#### What the task asks
In the records below, the lines between the one holding "U.S. Marine Corps Lance" and the one holding "Golden Tang Delicacy", inclusive, are to be transcribed exactly; no pictures are to be included.

#### Records
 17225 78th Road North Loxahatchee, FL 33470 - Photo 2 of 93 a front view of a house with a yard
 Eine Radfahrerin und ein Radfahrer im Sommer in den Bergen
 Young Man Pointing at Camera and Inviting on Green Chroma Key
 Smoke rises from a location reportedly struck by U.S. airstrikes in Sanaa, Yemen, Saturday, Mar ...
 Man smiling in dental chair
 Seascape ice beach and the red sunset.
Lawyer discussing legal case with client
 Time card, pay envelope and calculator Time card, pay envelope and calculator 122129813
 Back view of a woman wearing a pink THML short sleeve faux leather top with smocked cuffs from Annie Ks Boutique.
* * *
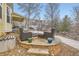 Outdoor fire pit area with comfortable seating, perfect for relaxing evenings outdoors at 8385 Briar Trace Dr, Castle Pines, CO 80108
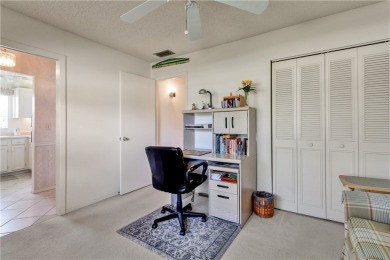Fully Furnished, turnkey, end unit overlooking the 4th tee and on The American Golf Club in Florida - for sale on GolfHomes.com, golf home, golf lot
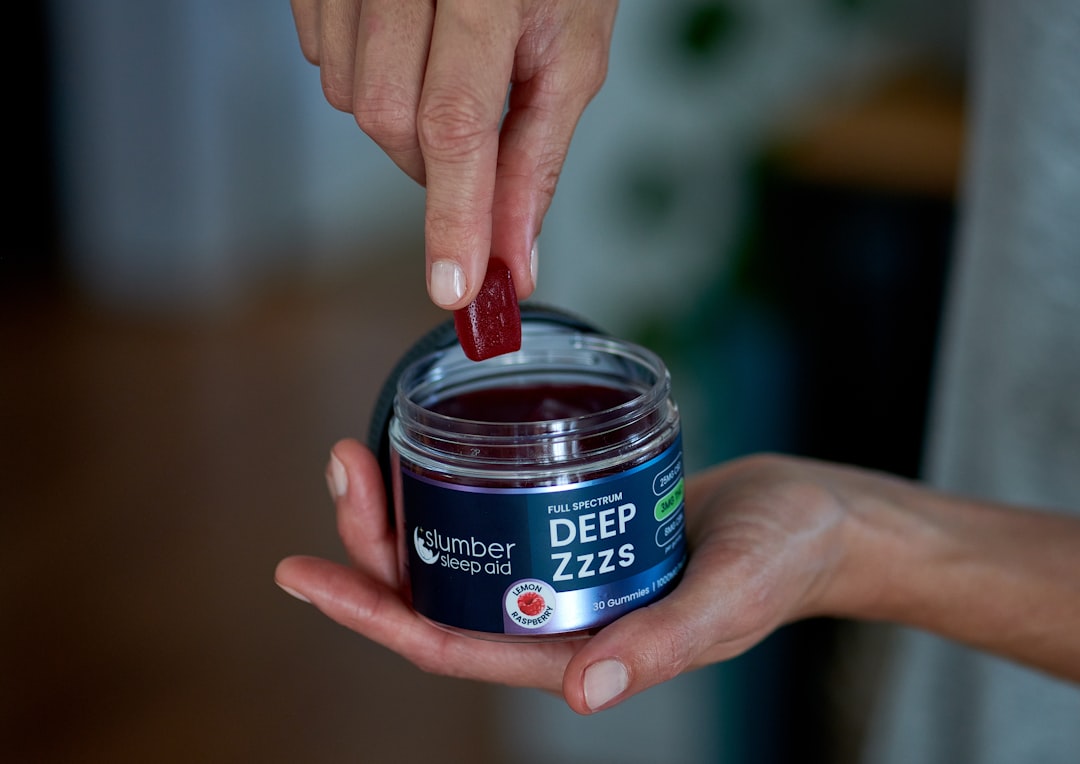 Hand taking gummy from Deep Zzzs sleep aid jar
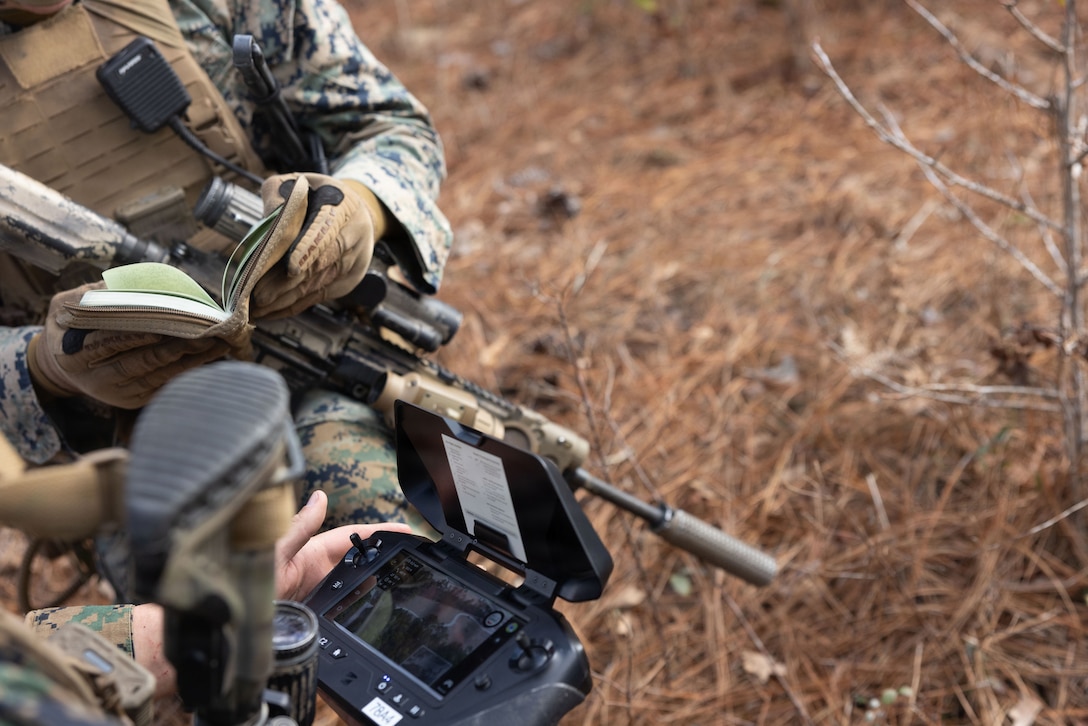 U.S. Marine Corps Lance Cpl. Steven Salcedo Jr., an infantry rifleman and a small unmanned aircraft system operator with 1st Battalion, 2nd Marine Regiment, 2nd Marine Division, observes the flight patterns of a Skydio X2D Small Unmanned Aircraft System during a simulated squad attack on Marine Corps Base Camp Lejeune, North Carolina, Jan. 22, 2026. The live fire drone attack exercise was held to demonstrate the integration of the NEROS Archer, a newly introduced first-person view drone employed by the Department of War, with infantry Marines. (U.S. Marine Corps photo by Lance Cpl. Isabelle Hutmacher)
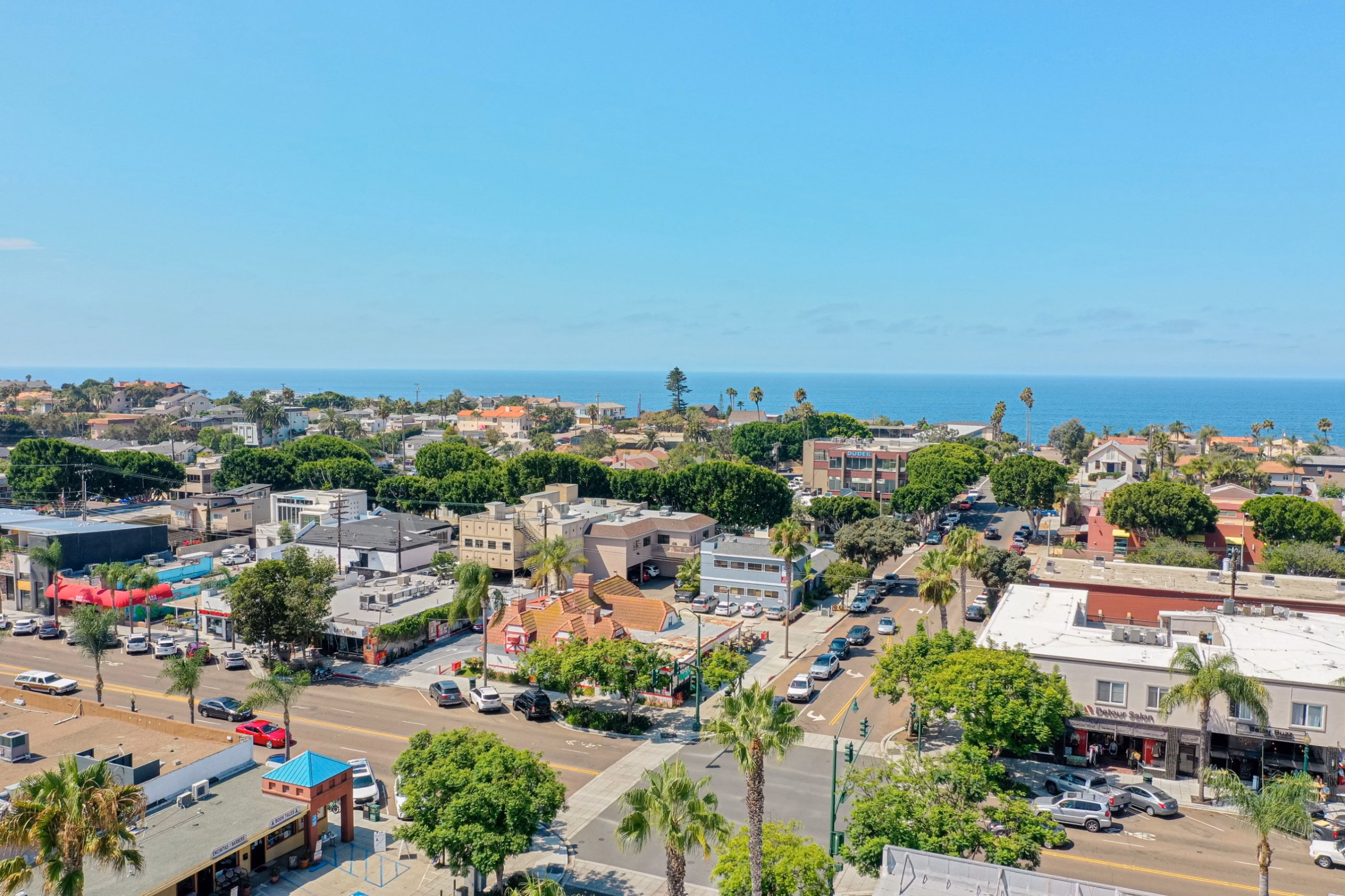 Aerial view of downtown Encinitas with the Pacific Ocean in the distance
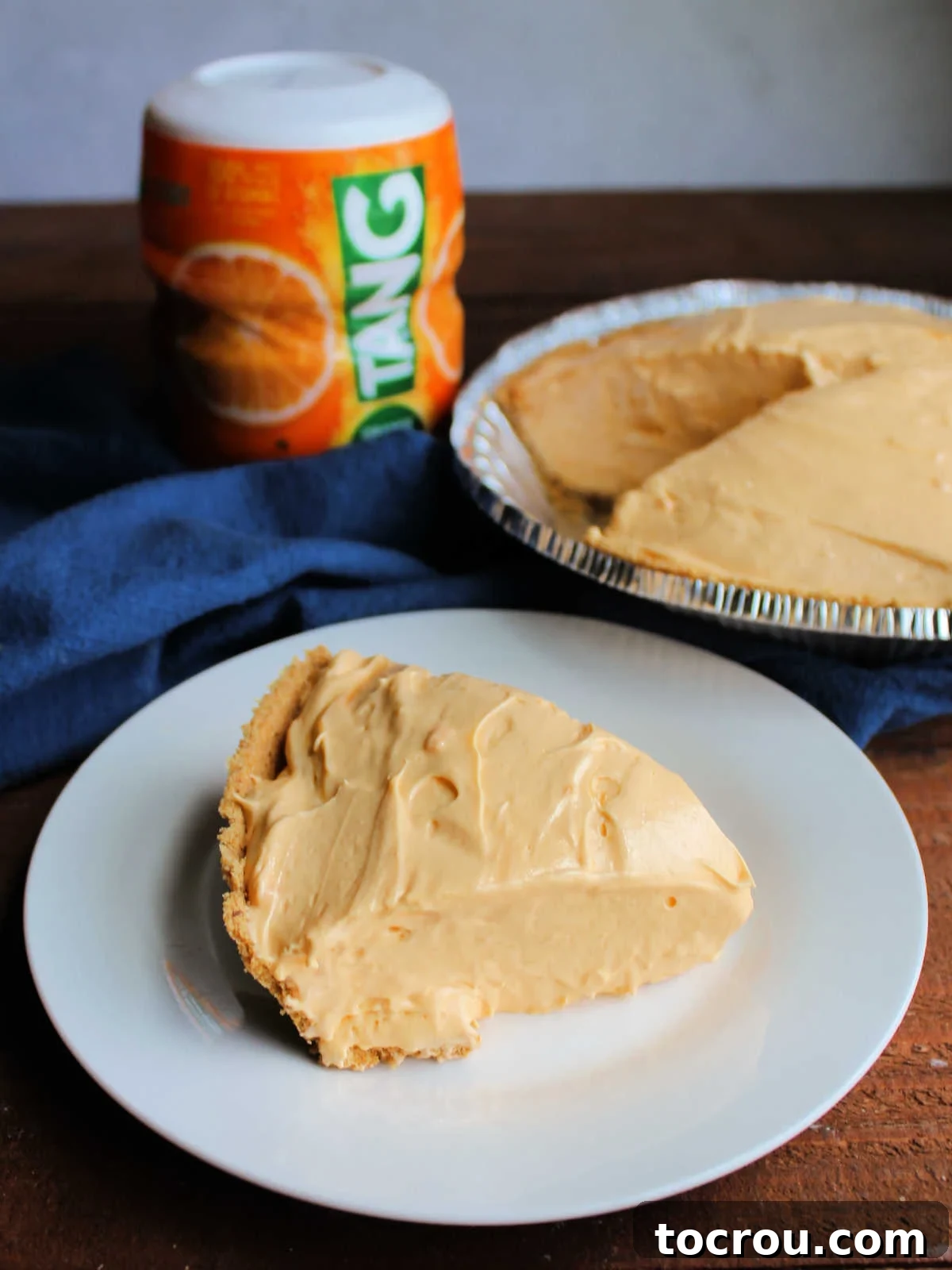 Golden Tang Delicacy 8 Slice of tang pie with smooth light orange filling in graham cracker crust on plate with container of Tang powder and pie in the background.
---
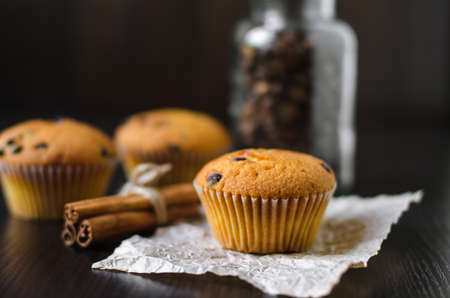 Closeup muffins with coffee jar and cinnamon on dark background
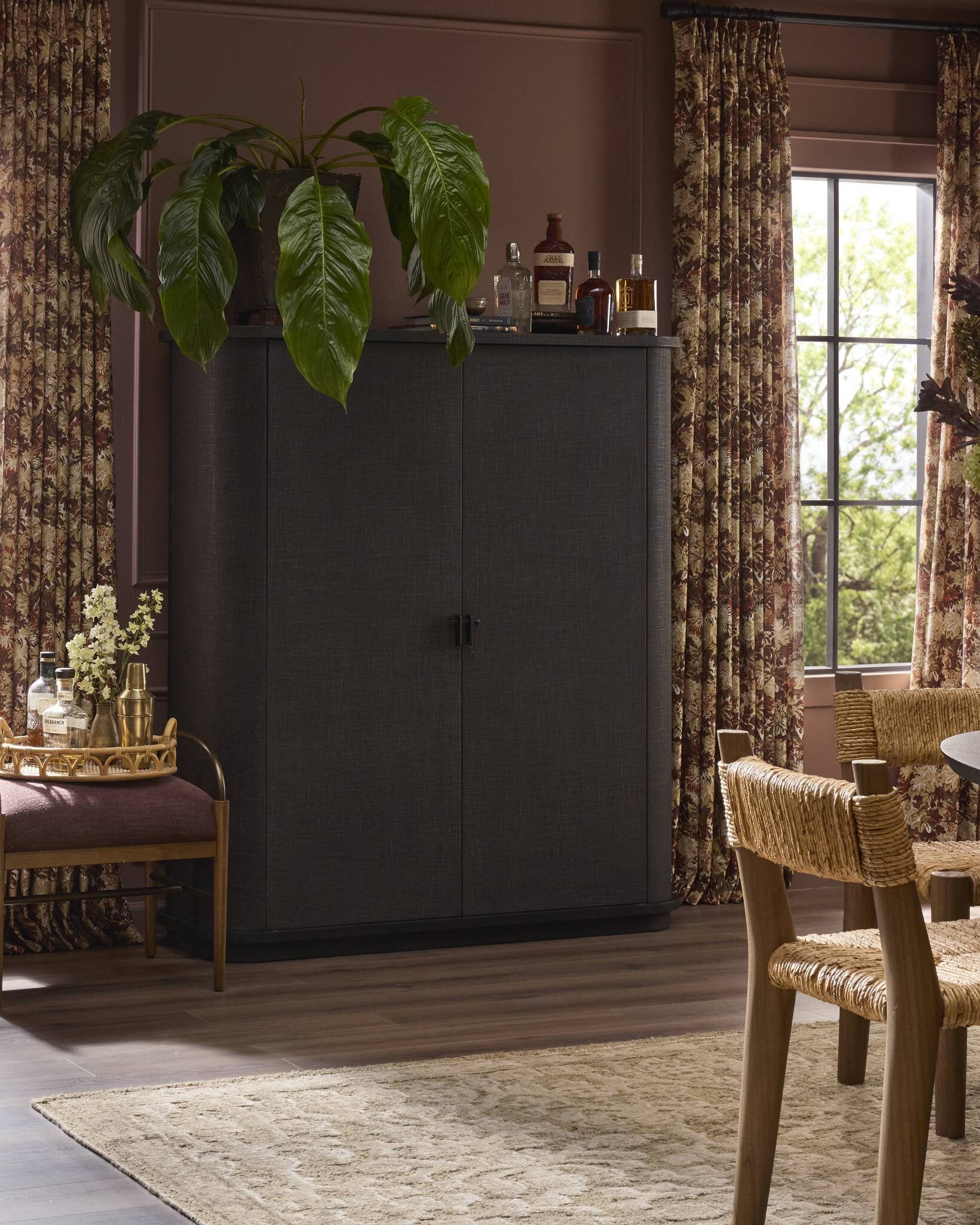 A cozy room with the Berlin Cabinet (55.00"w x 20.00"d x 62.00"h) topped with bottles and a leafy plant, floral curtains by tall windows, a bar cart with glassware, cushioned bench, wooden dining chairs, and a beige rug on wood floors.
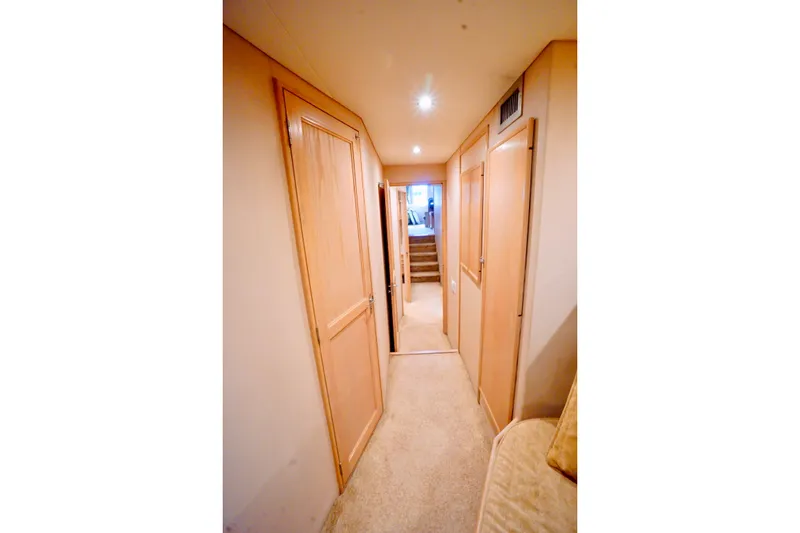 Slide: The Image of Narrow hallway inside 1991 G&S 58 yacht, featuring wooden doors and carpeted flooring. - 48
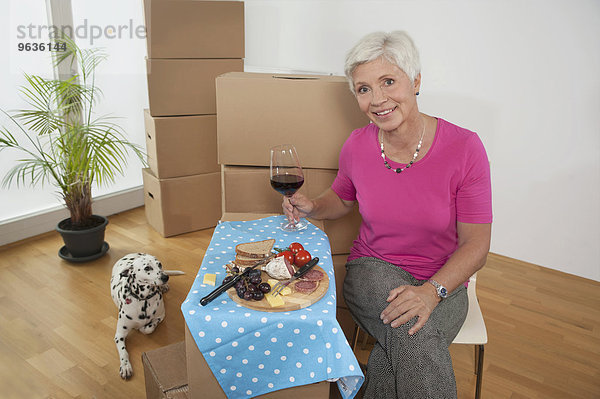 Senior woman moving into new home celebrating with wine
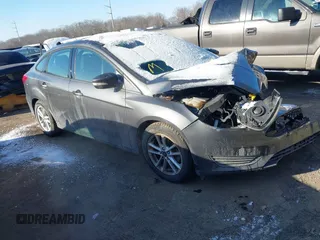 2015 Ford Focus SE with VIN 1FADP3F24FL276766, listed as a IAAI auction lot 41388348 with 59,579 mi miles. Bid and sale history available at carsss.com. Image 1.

#### Expected answer
 U.S. Marine Corps Lance Cpl. Steven Salcedo Jr., an infantry rifleman and a small unmanned aircraft system operator with 1st Battalion, 2nd Marine Regiment, 2nd Marine Division, observes the flight patterns of a Skydio X2D Small Unmanned Aircraft System during a simulated squad attack on Marine Corps Base Camp Lejeune, North Carolina, Jan. 22, 2026. The live fire drone attack exercise was held to demonstrate the integration of the NEROS Archer, a newly introduced first-person view drone employed by the Department of War, with infantry Marines. (U.S. Marine Corps photo by Lance Cpl. Isabelle Hutmacher)
 Aerial view of downtown Encinitas with the Pacific Ocean in the distance
 Golden Tang Delicacy 8 Slice of tang pie with smooth light orange filling in graham cracker crust on plate with container of Tang powder and pie in the background.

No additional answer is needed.